Et là, c’est le vide dans le cockpit, il y a pleins de lumières dehors, mais impossible de mettre la main sur Toussus… 
Pas de panique, on zoom sur le MFD et on constate que nous sommes presque vertical ! 

Julien essaie donc à nouveau d’allumer le balisage de piste… et arrive finalement à l’enclencher.
Il est trop tard pour envisager un atterrissage serein, on rentre donc dans le circuit de piste, et effectuons un circuit de piste 07. 
Le vent s’est franchement renforcé par rapport à notre départ, il vient du nord avec des rafales de 15kt, ca promet un bel atterrissage vent de travers !

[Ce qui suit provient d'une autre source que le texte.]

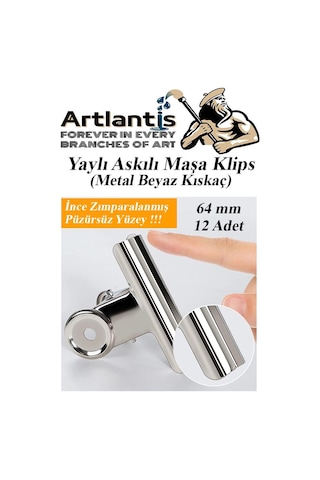 Artlantis Yaylı Askılı Maşa Klips 64 MM 12 Adet Metal Beyaz Kıskaç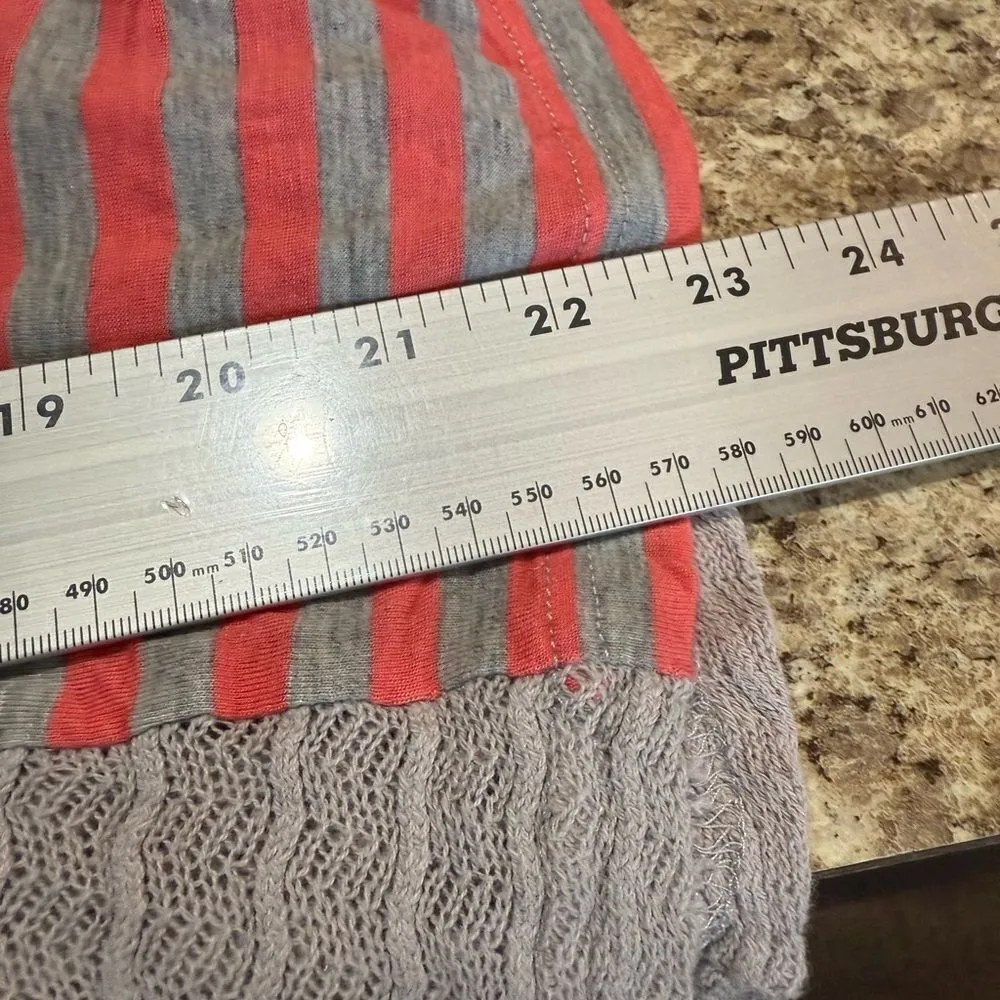 Miss Me Peach Gray Blouse Medium - Image 6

Nous nous poserons finalement  à 22h28 locale sur la 07L. Oufff ! 

Nous roulons tranquillement au parking d’A&C où nous parkons  notre carrosse du soir (tout dernier venu dans la flotte d’ailleurs).
Le temps de sécuriser l’avion comme il se doit pour la nuit et de vaquer aux tâches administratives qui nous incombent, et il est temps de rentrer chez nous avec pleins de souvenirs en tête.

Mes premières impressions pour ce 1er vol de nuit ?
 G-E-N-I-A-L ! C’est une autre manière de voler, qui se rapproche de l’IFR. Le fait de passer à proximité d’agglomérations éclairées, donne d’une part l’impression que ces agglomérations sont plus importantes que ce qu’elles ne sont réellement, et d’autre part, on se laisse rêver et on se prend pour « un gros ». 


Bref, ce fût un très beau vol !

En espérant que ce récit vous ait plus.